Brief descriptive captions
##############################
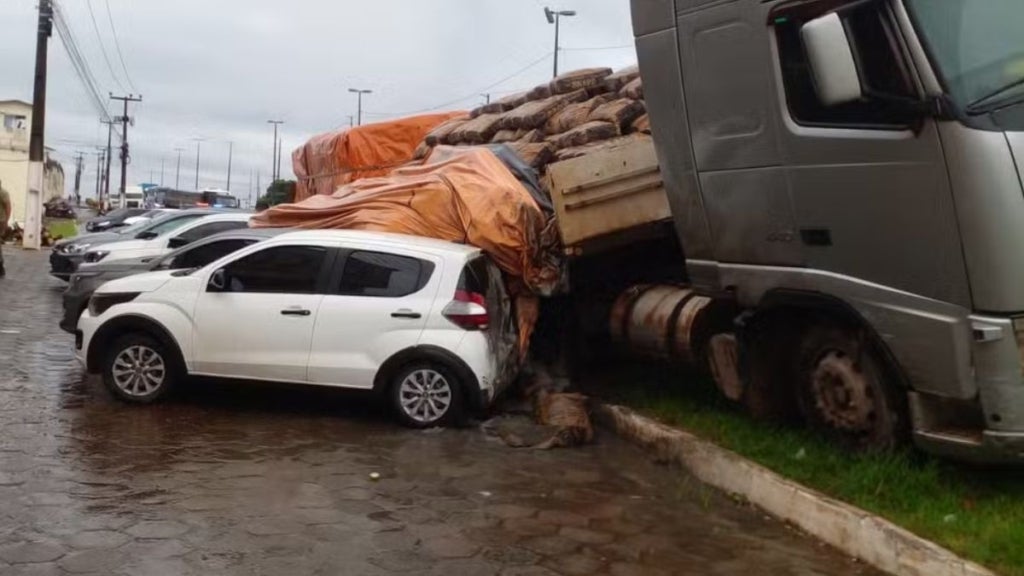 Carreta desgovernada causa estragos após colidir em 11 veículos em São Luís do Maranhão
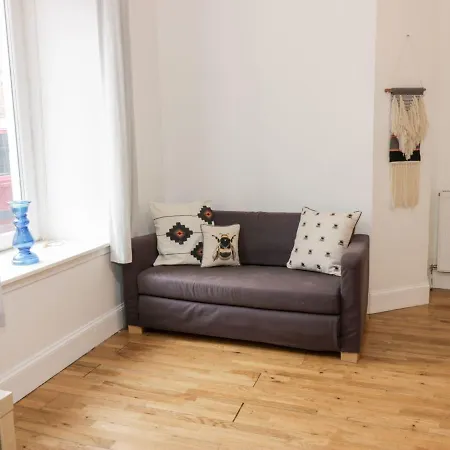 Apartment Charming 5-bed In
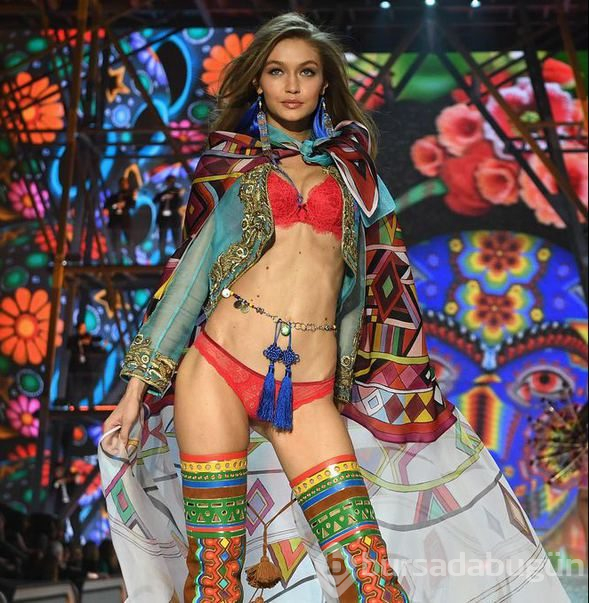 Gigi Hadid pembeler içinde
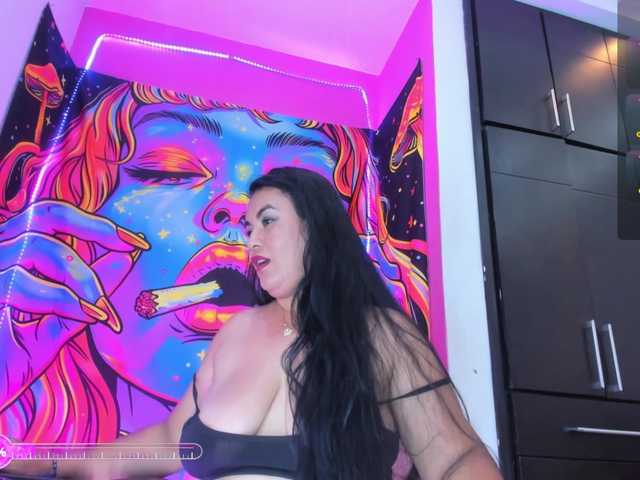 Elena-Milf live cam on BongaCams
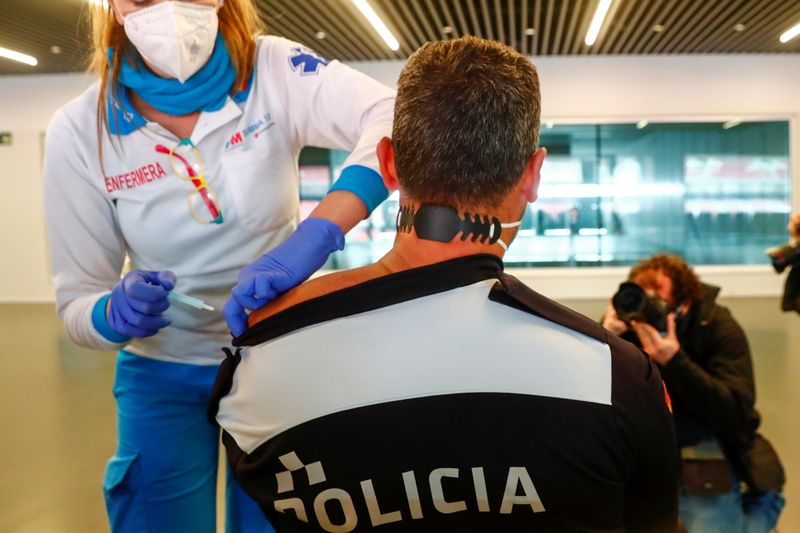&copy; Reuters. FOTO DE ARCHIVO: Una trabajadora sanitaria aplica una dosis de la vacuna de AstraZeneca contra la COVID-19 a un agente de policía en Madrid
##############################
* _Exercise details_
Reproduce exactly, and only, the lines that begin at the one containing "Gigi Hadid pembeler içinde" and end with the final line of the data, both included, while omitting every picture.

* _Answer below_
 Gigi Hadid pembeler içinde
 Elena-Milf live cam on BongaCams
&copy; Reuters. FOTO DE ARCHIVO: Una trabajadora sanitaria aplica una dosis de la vacuna de AstraZeneca contra la COVID-19 a un agente de policía en Madrid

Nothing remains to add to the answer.